Nel percorso affrontato tutto ha contribuito per entrare nel personaggio di Pietro, così vicino al vissuto di ogni partecipante. La musica ed il canto, insieme alla preghiera di lode corale e di intercessione, hanno sostenuto il valore fondamentale delle predicazioni, che hanno toccato il cuore dei presenti mediante una comunicazione efficace ed ispirata. Fondamentali anche le dinamiche pensate per rappresentare e vivere alcuni episodi centrali della storia di Pietro, drammatizzate con opportuna perizia, permettendo di specchiarsi nell'apostolo travagliato. Altrettanto importanti, per la forte carica spirituale, le Adorazioni Eucaristiche, che hanno consentito di potersi mettere a nudo davanti al "Santissimo", sentirne il contatto, il calore dell'abbraccio, la tenerezza del rapporto confidente, intimo, di preghiera e di conforto.

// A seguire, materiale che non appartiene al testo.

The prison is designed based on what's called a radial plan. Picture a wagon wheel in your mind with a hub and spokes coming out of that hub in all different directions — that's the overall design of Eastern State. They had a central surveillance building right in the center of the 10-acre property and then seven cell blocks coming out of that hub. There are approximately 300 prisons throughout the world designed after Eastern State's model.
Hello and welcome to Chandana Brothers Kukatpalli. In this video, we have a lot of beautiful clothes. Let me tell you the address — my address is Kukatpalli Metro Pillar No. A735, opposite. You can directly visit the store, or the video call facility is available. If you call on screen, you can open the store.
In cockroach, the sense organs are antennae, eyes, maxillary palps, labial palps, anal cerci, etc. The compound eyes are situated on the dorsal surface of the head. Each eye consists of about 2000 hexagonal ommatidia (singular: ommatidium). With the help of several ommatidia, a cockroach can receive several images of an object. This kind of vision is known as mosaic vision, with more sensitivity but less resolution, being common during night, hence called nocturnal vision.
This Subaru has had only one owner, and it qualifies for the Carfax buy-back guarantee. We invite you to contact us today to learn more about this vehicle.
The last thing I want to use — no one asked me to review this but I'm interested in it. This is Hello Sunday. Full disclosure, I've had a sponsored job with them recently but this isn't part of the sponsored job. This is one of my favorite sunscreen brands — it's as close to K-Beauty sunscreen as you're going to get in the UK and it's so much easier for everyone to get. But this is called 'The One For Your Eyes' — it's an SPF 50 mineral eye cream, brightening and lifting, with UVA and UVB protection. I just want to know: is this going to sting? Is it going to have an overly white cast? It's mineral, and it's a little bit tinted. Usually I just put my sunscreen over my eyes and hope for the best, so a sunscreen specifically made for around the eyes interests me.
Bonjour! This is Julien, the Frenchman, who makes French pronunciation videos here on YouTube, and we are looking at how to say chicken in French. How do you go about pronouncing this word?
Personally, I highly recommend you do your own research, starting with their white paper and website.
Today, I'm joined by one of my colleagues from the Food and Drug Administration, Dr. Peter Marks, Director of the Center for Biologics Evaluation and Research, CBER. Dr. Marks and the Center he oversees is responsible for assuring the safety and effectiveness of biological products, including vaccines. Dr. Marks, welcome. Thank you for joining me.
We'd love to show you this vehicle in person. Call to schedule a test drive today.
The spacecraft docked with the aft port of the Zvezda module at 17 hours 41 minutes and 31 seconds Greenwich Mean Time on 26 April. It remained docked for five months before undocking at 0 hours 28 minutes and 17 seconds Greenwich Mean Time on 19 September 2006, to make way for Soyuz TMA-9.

Sono risultati estremamente interessanti i laboratori di comunità, che hanno costituito un momento edificante per tutti grazie alla possibilità di condividere esperienze di vita e testimonianze, utili a smussare gli angoli e rafforzarsi nella ricerca di Gesù con ulteriori conversioni.
 
Il confronto è da considerarlo molto positivo ed arricchente perché ha donato un clima di grazia con la possibilità di conoscersi e riconoscersi «eletti dal Signore». Pertanto, constatata la diversità delle variegate modalità di chiamata, si prende coscienza di una missione comune come operai nella vigna del Signore, costruttori del Regno di Dio, cooperatori del piano di salvezza per il mondo odierno, piuttosto compromesso ed indifferente, nelle realtà in cui si è stati chiamati ad agire. Rilevante ed emozionante è stata, infine, la conclusione del corso in cui si è vista la potenza dello Spirito Santo compiere meraviglie e scendere, sull'assemblea della piccola porzione di Chiesa, con l'imposizione delle mani e la benedizione dei sacerdoti presenti. Ognuno ha potuto sperimentare, lo stupore, la bellezza e la gioia di essere parte della Chiesa universale, unita, in cammino insieme con Gesù che parla, libera e guarisce ancora oggi.